------ Input data ------

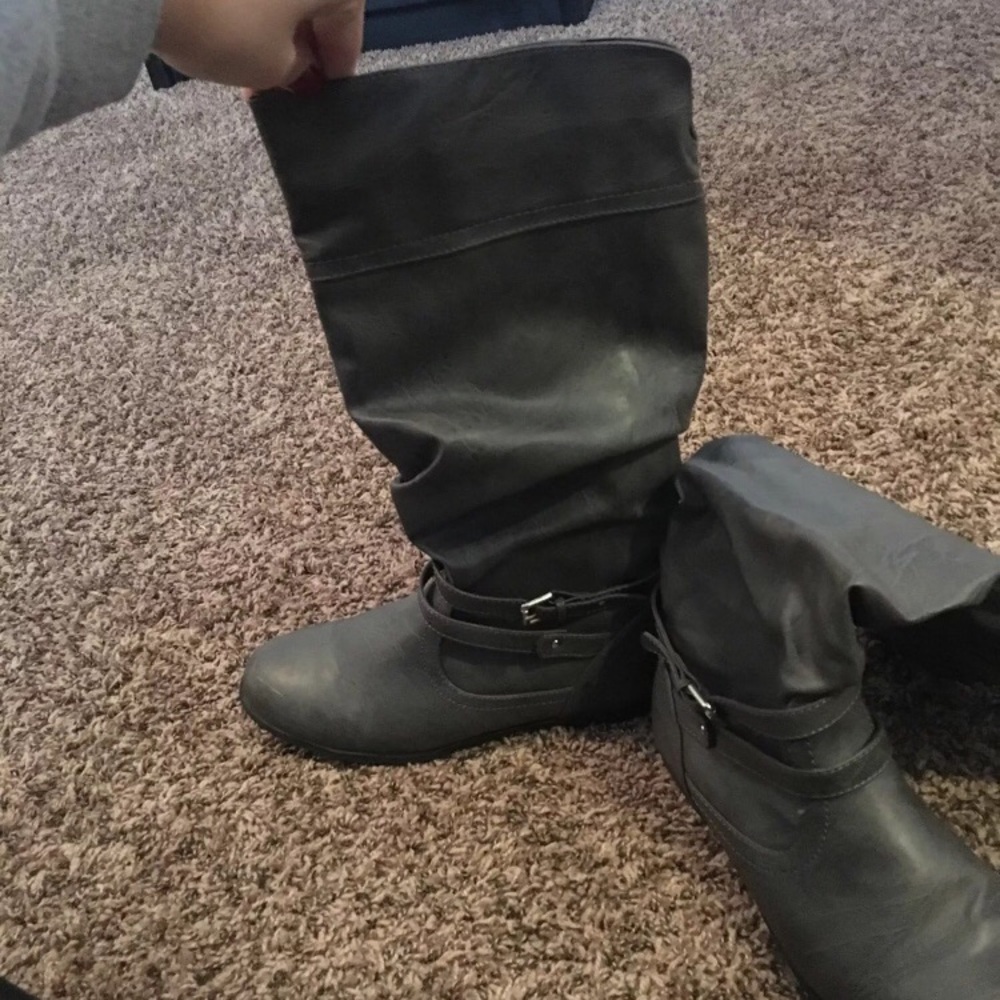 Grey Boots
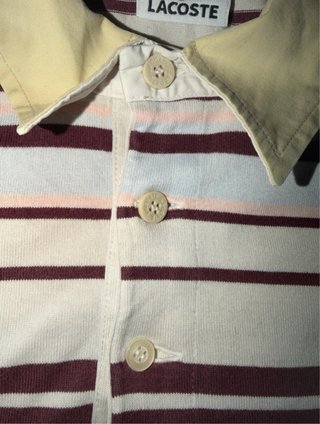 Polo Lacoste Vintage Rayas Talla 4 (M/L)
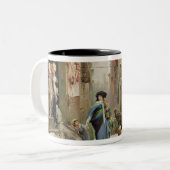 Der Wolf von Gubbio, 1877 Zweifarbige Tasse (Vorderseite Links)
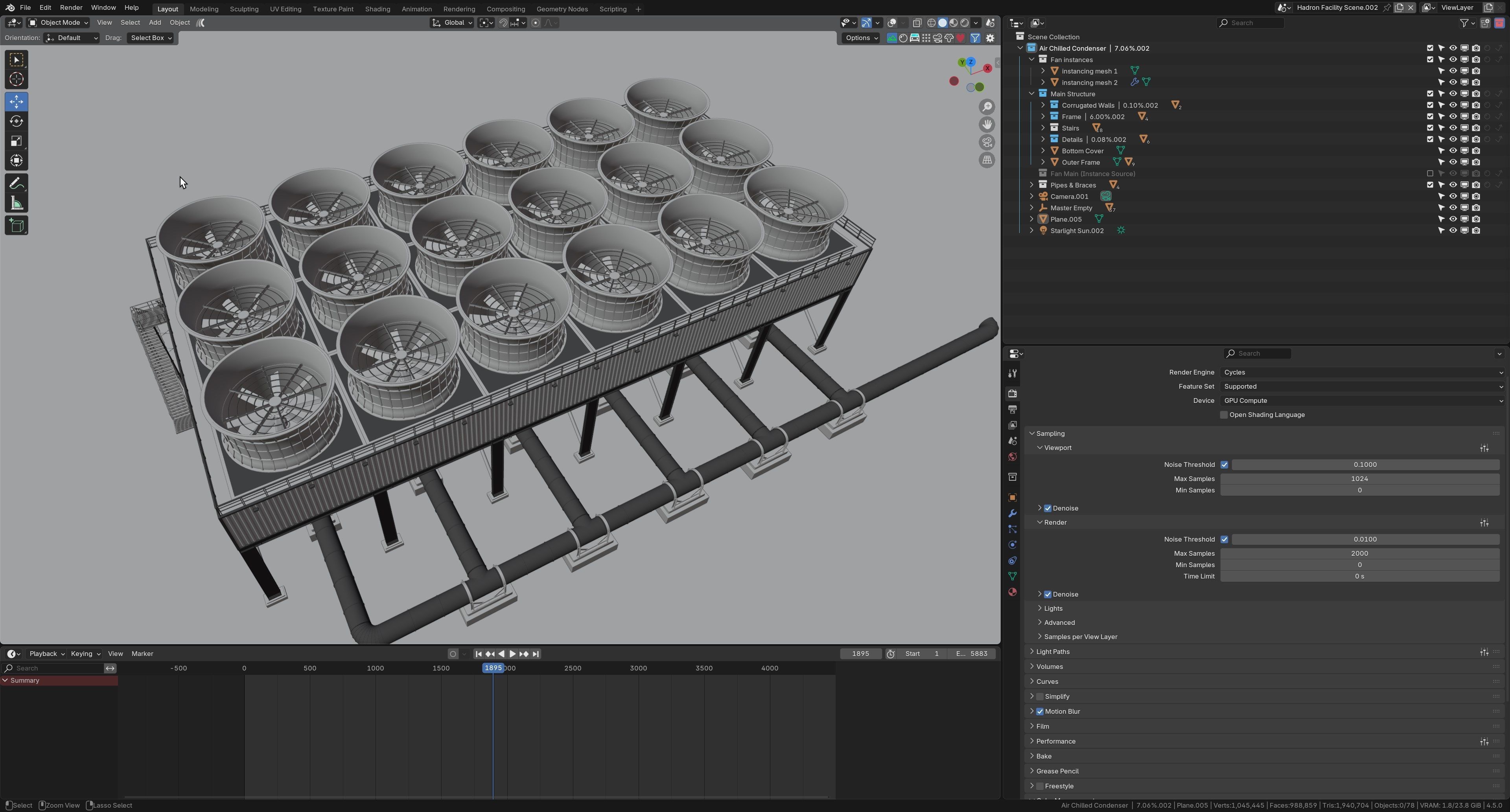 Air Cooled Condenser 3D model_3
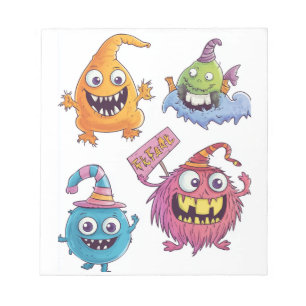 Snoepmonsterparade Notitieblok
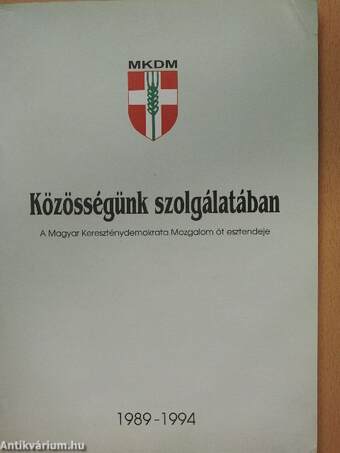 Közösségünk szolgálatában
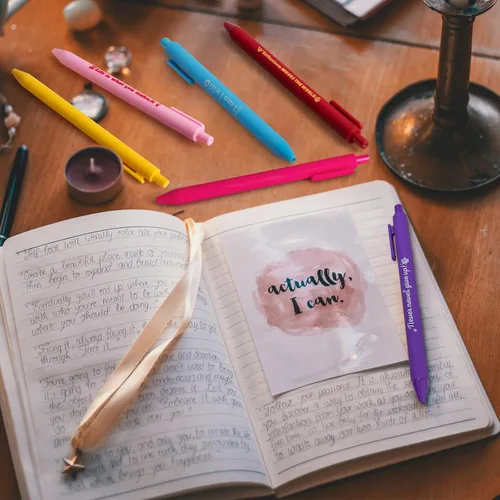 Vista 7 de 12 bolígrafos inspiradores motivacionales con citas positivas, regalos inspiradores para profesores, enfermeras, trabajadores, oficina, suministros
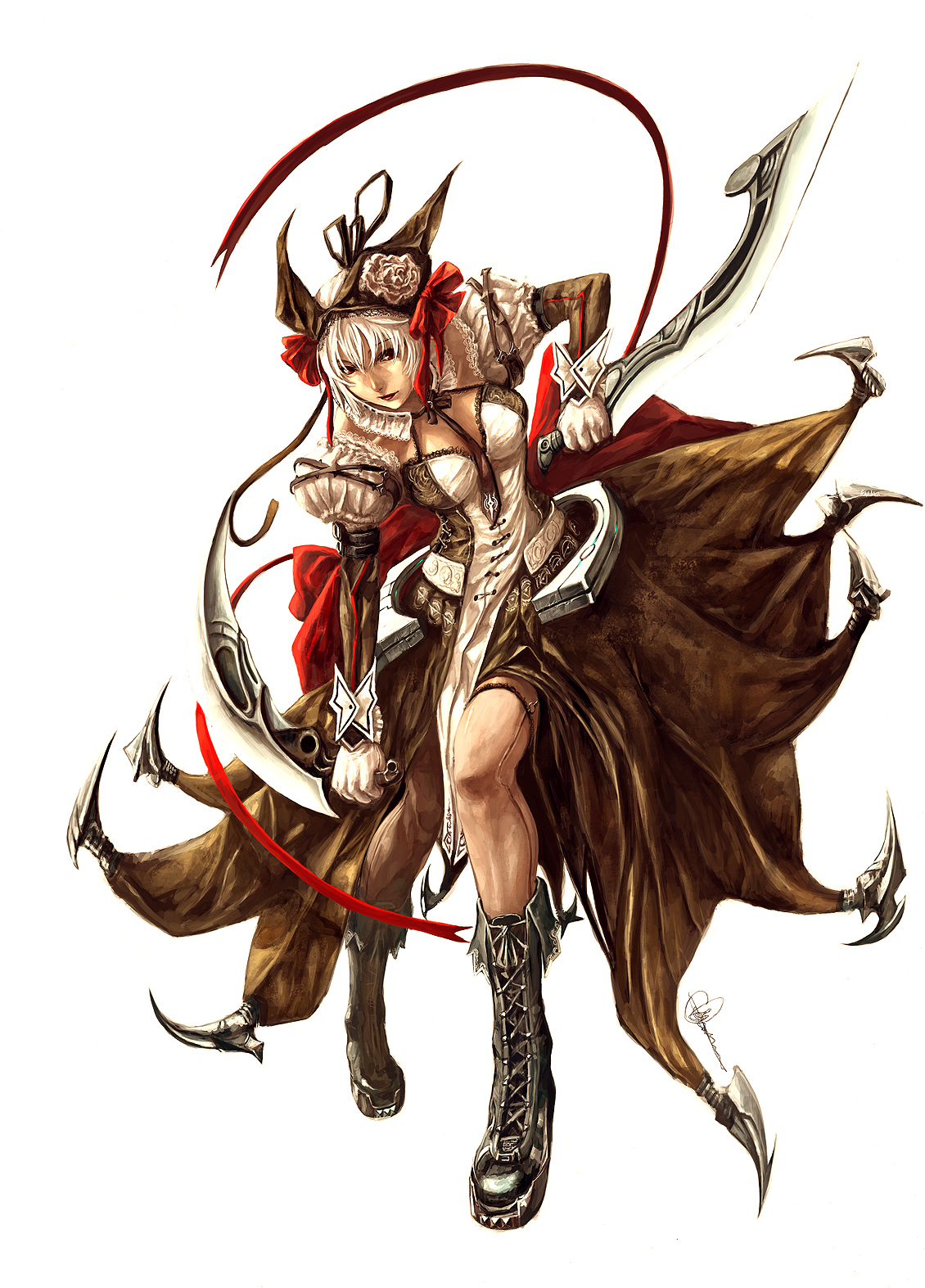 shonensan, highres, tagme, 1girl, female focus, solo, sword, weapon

------

How to complete this task
All of the records above should be reproduced exactly, with the pictures left out.

Task result
 Grey Boots
 Polo Lacoste Vintage Rayas Talla 4 (M/L)
 Der Wolf von Gubbio, 1877 Zweifarbige Tasse (Vorderseite Links)
 Air Cooled Condenser 3D model_3
 Snoepmonsterparade Notitieblok
 Közösségünk szolgálatában
 Vista 7 de 12 bolígrafos inspiradores motivacionales con citas positivas, regalos inspiradores para profesores, enfermeras, trabajadores, oficina, suministros
 shonensan, highres, tagme, 1girl, female focus, solo, sword, weapon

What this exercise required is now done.